Produce a word-for-word copy of the data that follows, excluding images.

▶ _INFORMATION PROVIDED_
● ● ● ● ●

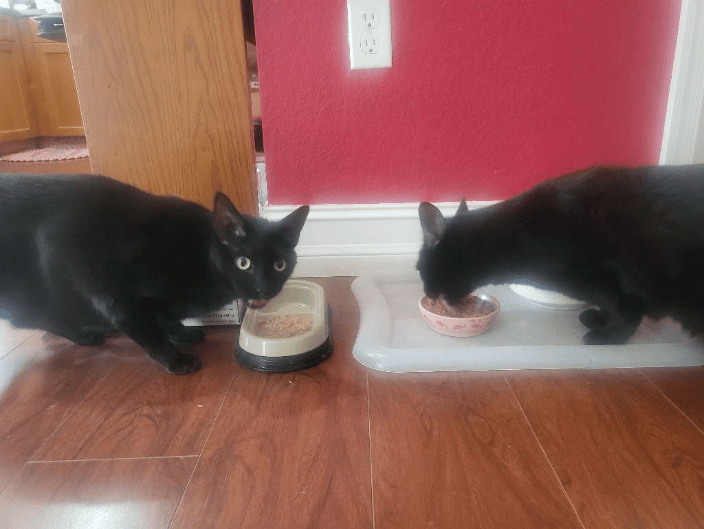 Kitties enjoying their yummy meal!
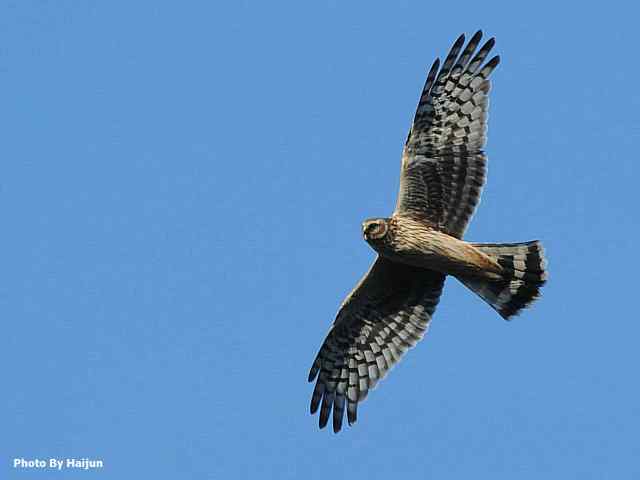 厚道的白尾鹞可以有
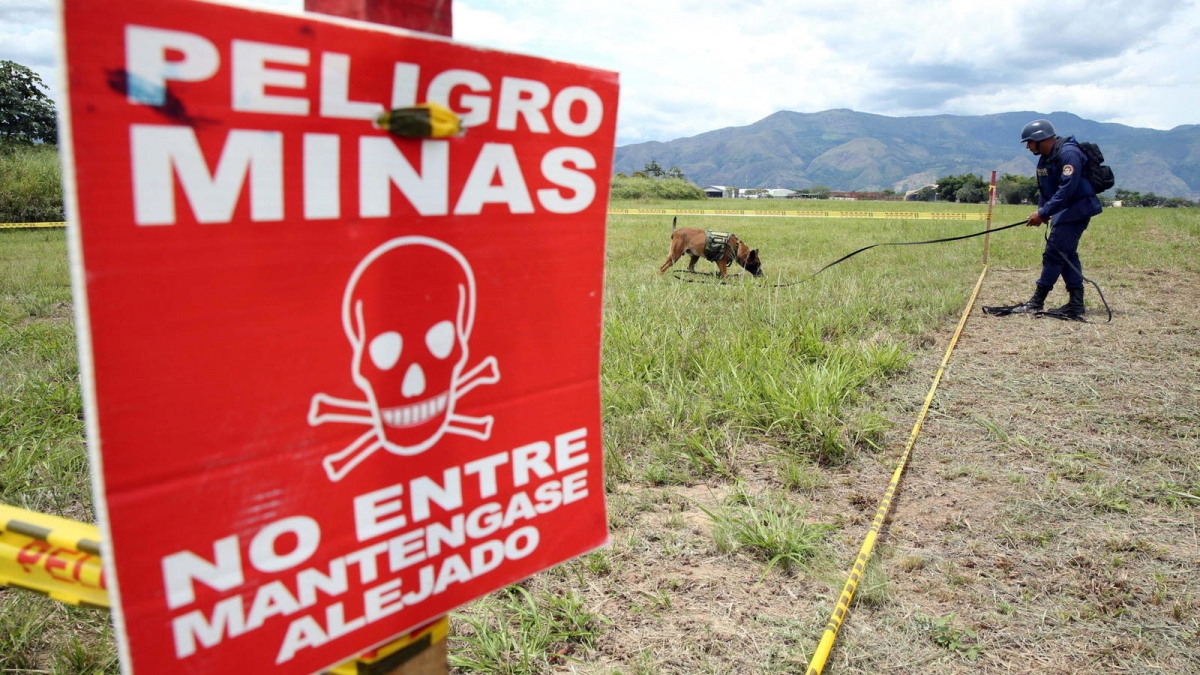 Venezuela pide ayuda a ONU para desactivar campos minados en frontera con Colombia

● ● ● ● ●

▶ _RESPONSE AREA_
 Kitties enjoying their yummy meal!
 厚道的白尾鹞可以有
 Venezuela pide ayuda a ONU para desactivar campos minados en frontera con Colombia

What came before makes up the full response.